Voilà une bonne nouvelle pour les grands carnivores d’Europe. Ours, loups, lynx et gloutons se portent bien. Alors que les associations écologistes françaises ne cessent de tirer la sonnette d’alarme et de nous raconter que ces prédateurs risquent de disparaître et étant toujours au bord de l’extinction, voici un rapport scientifique qui nous explique l’inverse.
Tout en faisant remarquer que l’abondance des loups, des ours et des lynx n’est pas au niveau d’antan, l’auteur se satisfait à l’idée que «les grands carnivores et les hommes peuvent partager le même espace». Alors que l’on abat sans discuter un malheureux sanglier qui s’introduit dans un jardin public citadin, on voudrait nous faire croire que les campagnes et les villages de montagne vont vivre comme Saint François d’Assise en caressant loup et ours dans leurs bergeries.
Néanmoins, le fait est que contraint et forcé par des mesures de protection excessives, les grands prédateurs se développent et conquièrent des territoires nouveaux jusqu’aux limites des grandes métropoles, preuve que ces animaux ne sont pas aussi craintif que leurs défenseurs veulent bien le prétendre.
Si la population de loups dépasse les 300 individus, ce qui semble satisfaire les auteurs contrairement aux organisations écologistes, l’avenir de l’ours est incertain. Ce n’est pas très nouveau puisque les habitants des Pyrénées n’en veulent pas. Et il en est de même pour le loup. Mais connaissons-nous vraiment le nombre d’individus d’ours (25 pour les français, 35 pour les espagnols) et de loups (plus de 350 et probablement plus de 400) imposés dans des conditions dignes des meilleures dictatures. Jusqu’à quand?
Louis Dollo, le 26 décembre 2014
Le prétendu retour des grands carnivores ours, loups et lynx
Ils étaient, au siècle dernier, au bord de l'extinction sur le territoire européen, décimés par la chasse et la destruction de leur habitat. Les voici de retour, bien vivaces. Les populations de grands carnivores, ours, loup et autre lynx, même si elles sont très loin d'avoir retrouvé leur abondance d'antan, sont aujourd'hui «stables ou en augmentation» dans la plupart des pays. C'est ce que montre un recensement – le plus complet à ce jour – effectué sur l'ensemble du continent (Russie, Ukraine et Biélorussie exceptées), dont les résultats sont présentés, jeudi 18 décembre, dans la revue Science.
Les auteurs de cet inventaire animalier y voient le fruit des politiques de conservation mises en œuvre dans l'Union européenne. Mais aussi la preuve que «les grands carnivores et les hommes peuvent partager le même espace». Une conclusion qui ne manquera pas de nourrir la polémique, toujours féroce, sur la cohabitation entre l'homme et ces prédateurs.

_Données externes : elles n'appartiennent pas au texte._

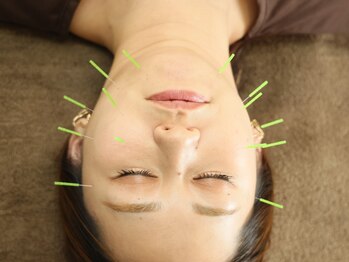 中立売鍼灸整骨院の写真/「ほうれい線やたるみを改善したい」「フェイスラインがコケて見えるようになった」そんな方におすすめ◎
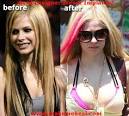Lavigne, Avril - Make Me Heal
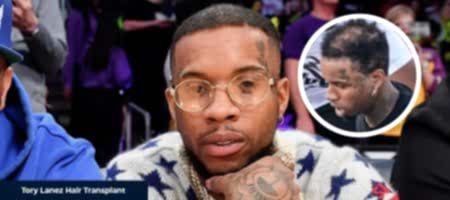 Before-After-Tory-Lanez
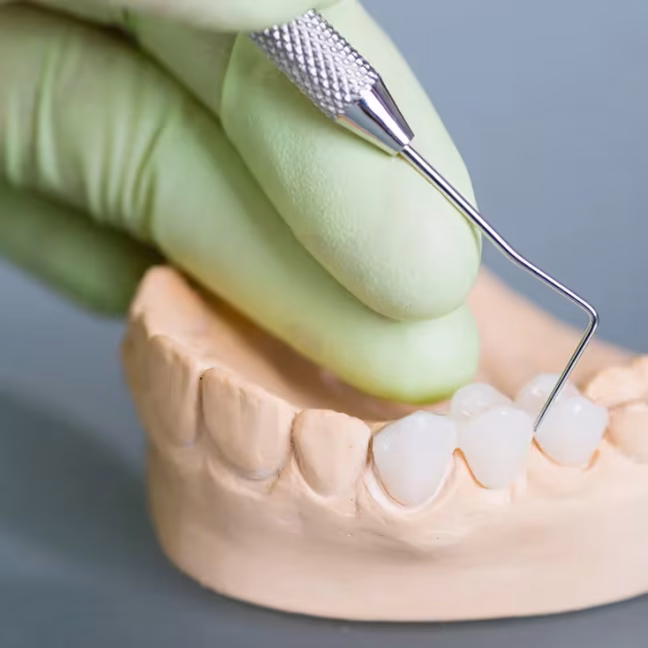 696858d1358ea52a185363c2_service-thumbnail-dental-bridges (1)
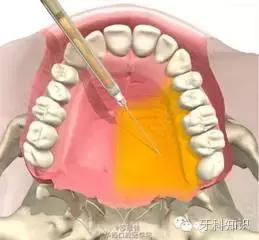 口腔拔牙图片,口腔拔牙麻醉多久消退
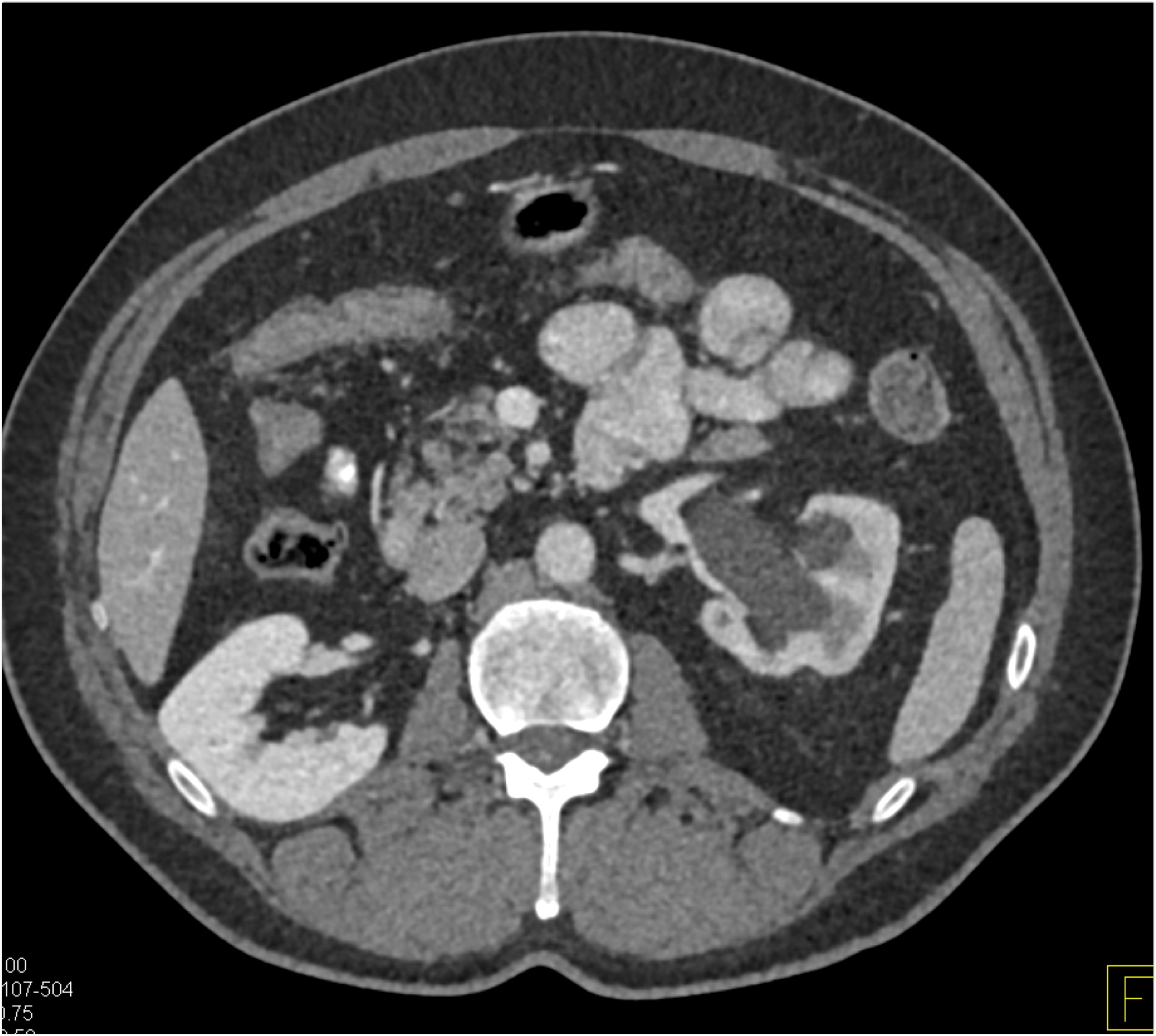 CTisus Quiz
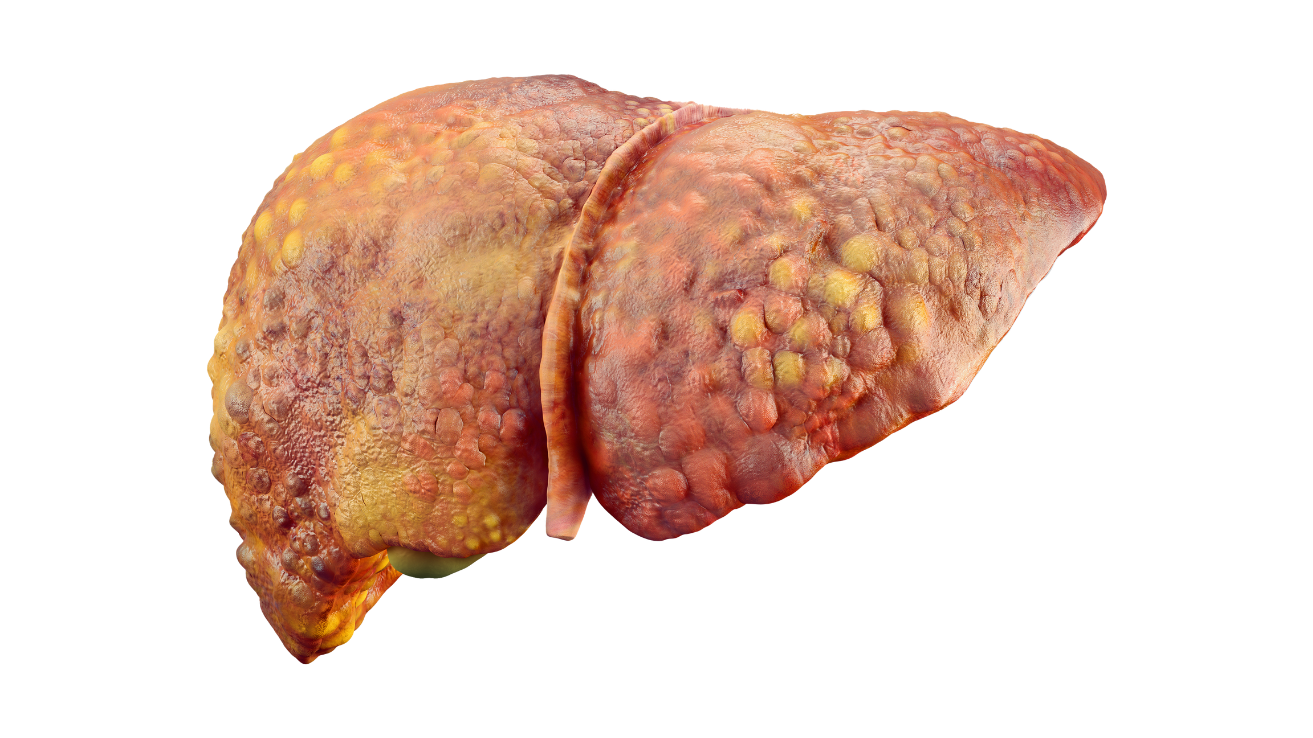 Fatty liver disease evaluation and care in Hyderabad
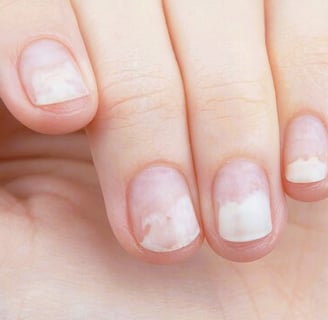 onycholysis
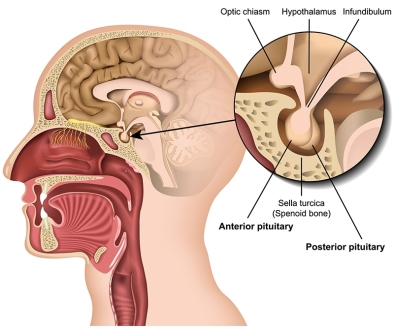 Những dấu hiệu cảnh báo u tuyến yên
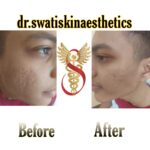Dr Swati's aesthetic before after 26
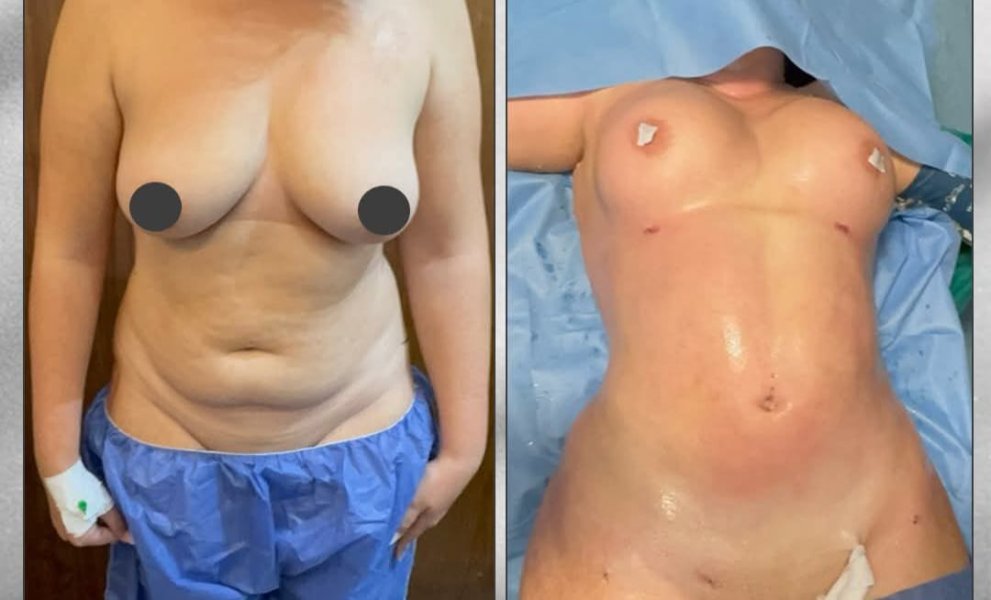 Breast Implant Removal Surgery Scars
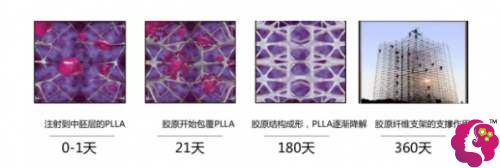 PLLA线做埋线提升能维持5-7年之久 PLLA线做埋线提升能维持5-7年之久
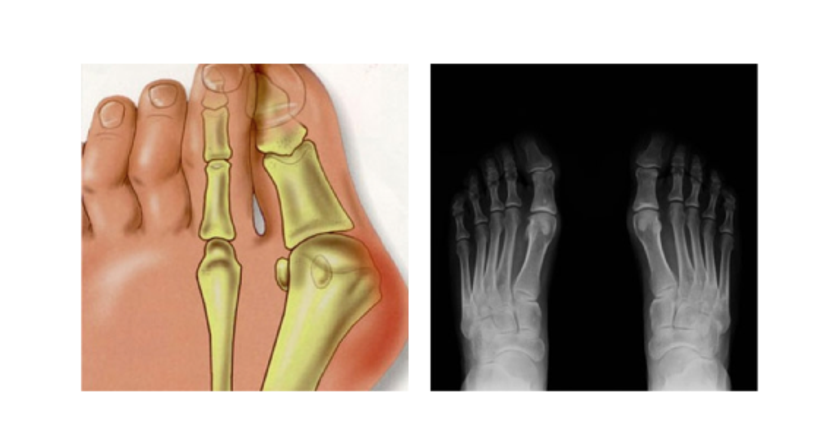 Minimal-invasive Fußchirurgie / Hallux valgus - Dr. Hermann Leidolf - Unfallchirurg Wien 1010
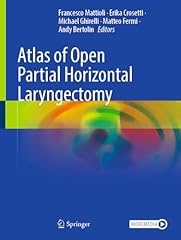 Atlas open partial for sale  Delivered anywhere in USA 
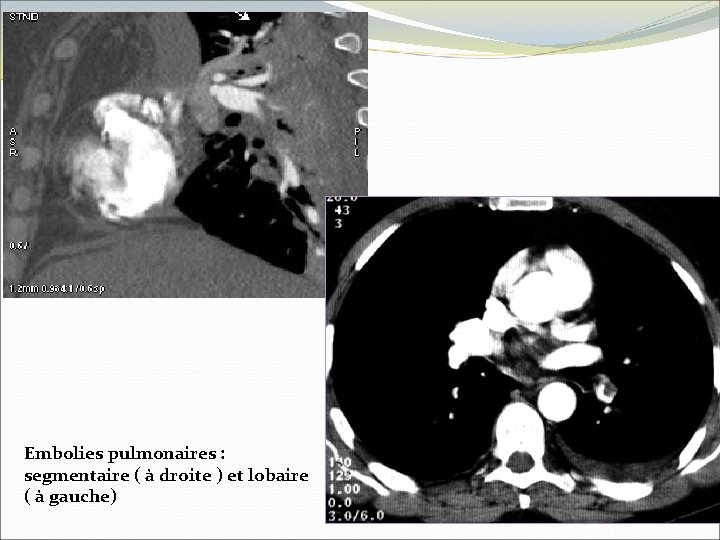Embolies pulmonaires : segmentaire ( à droite ) et lobaire ( à gauche) 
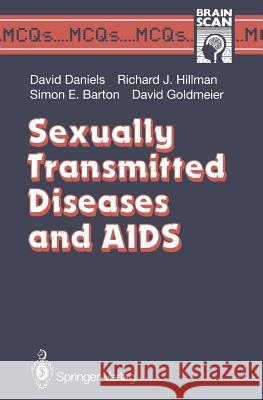 Sexually Transmitted Diseases and AIDS David Daniels Richard J. Hillman Simon E. Barton 9783540197621 Springer - książka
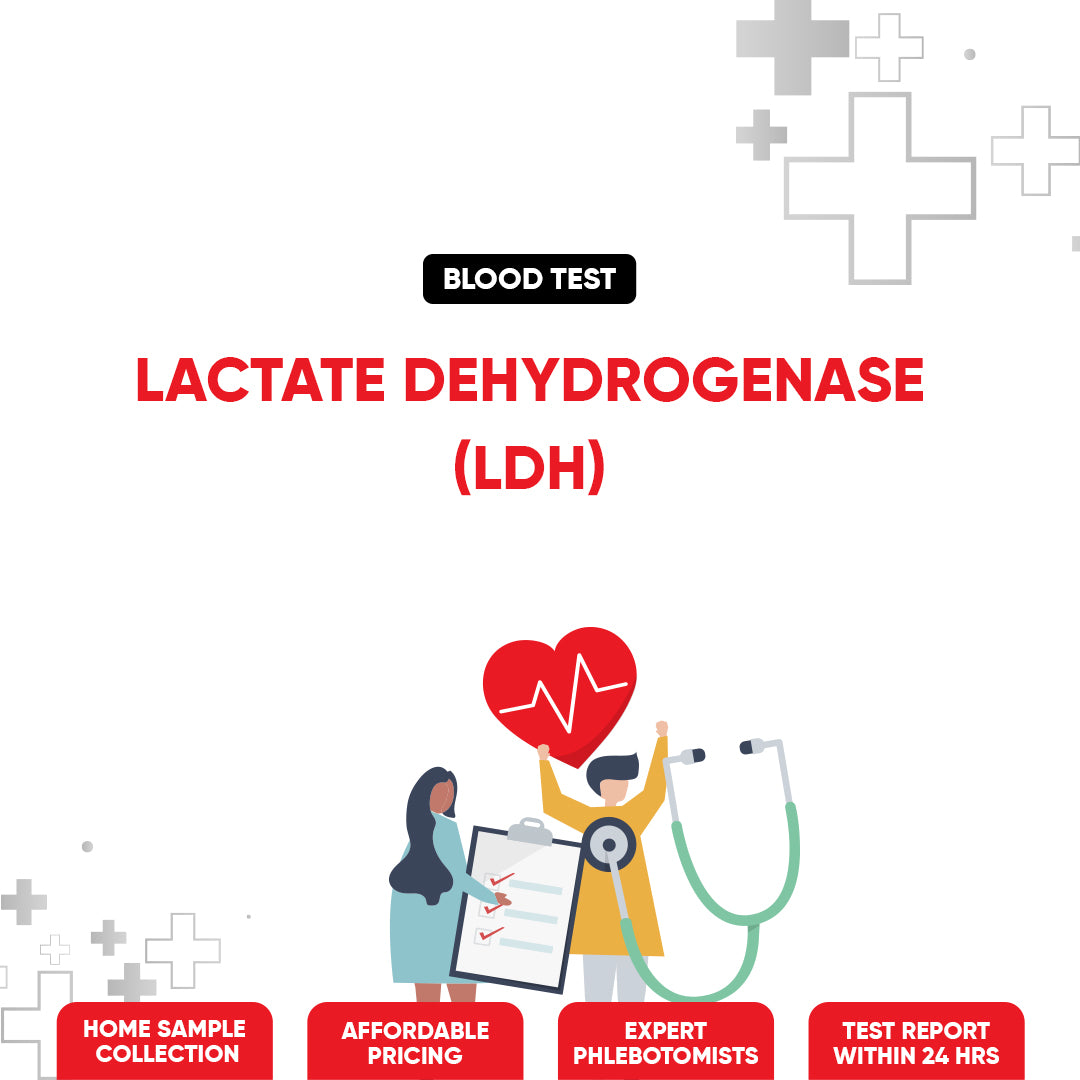 Lactate Dehydrogenase (LDH) Test
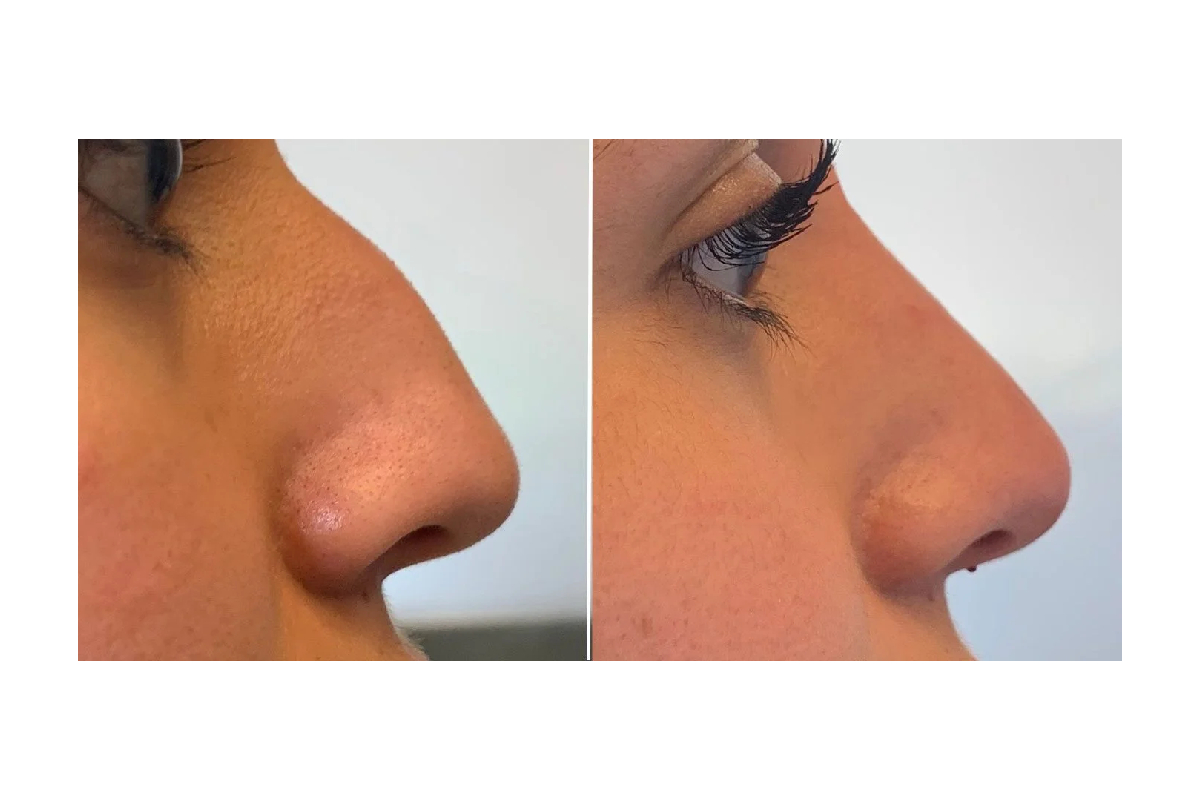 مراقبت  های قبل و بعد از فیلر بینی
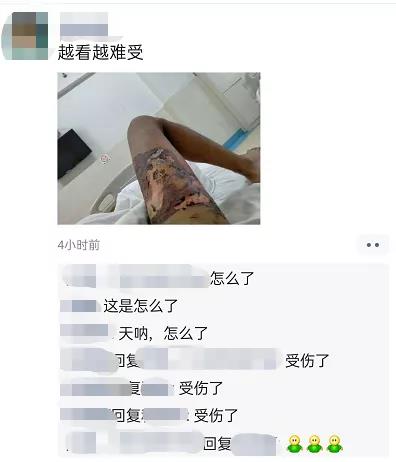 丽江一男子买了手机才6天，手机便发生爆炸烧伤大腿？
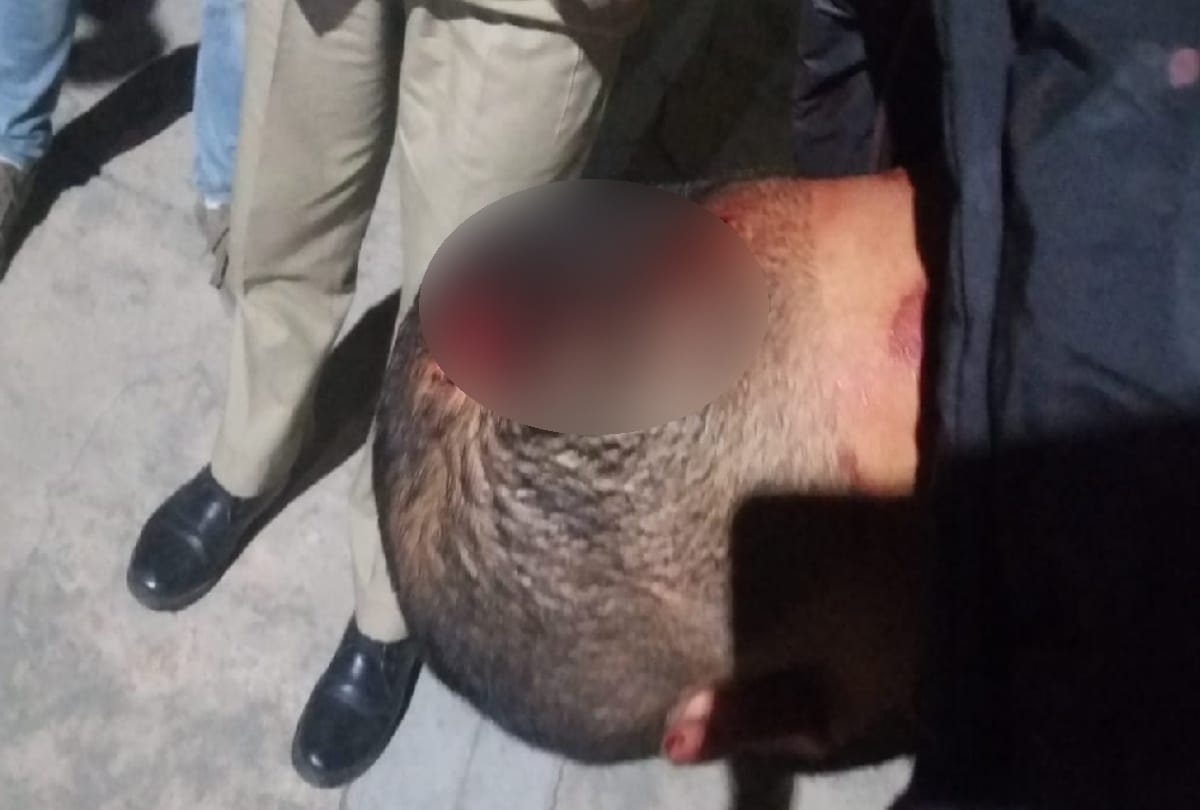 Students clash outside this college in Shimla, many bled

Soixante-seize experts de la faune sauvage de vingt-six pays ont contribué à cette compilation de données, qui dresse un état des lieux, arrêté en 2011, pour les quatre principales espèces de grands carnivores présentes en Europe: l'ours brun (Ursus arctos), le lynx eurasien (Lynx lynx), le loup gris (Canis lupus) et le glouton (Gulo gulo).
A l'exception de la Belgique, du Danemark, du Luxembourg et des Pays-Bas, tous les pays d'Europe abritent de façon permanente au moins l'une de ces espèces, qui évoluent sur une aire totale de plus de 1,5 million de km2, soit environ le tiers de l'espace européen. L'ours, dont les effectifs sont les plus nombreux, avec 17.000 individus (dont plus de 7.000 dans les Carpates), est présent dans 22 pays. Le loup, avec 12.000 spécimens, dans 28. Le lynx, avec quelque 9.000 représentants, dans 23. Quant au glouton, acclimaté aux régions nordiques, il ne compte que quelque 1.250 individus répartis entre la Norvège, la Suède et la Finlande.
«On assiste, au niveau continental, à une recolonisation de zones géographiques dont ils avaient disparu par des grands carnivores dont les populations se portent globalement bien», commente Guillaume Chapron, maître de conférences en écologie à l'université suédoise des sciences agricoles et coordinateur de l'étude, qui anime aussi un groupe de recherche sur ce sujet. Ce qui n'empêche pas plusieurs sous-populations d'être en grave péril, comme l'ours dans les Pyrénées, le lynx dans les Vosges ou le loup dans la Sierra Morena, dans le sud de l'Espagne.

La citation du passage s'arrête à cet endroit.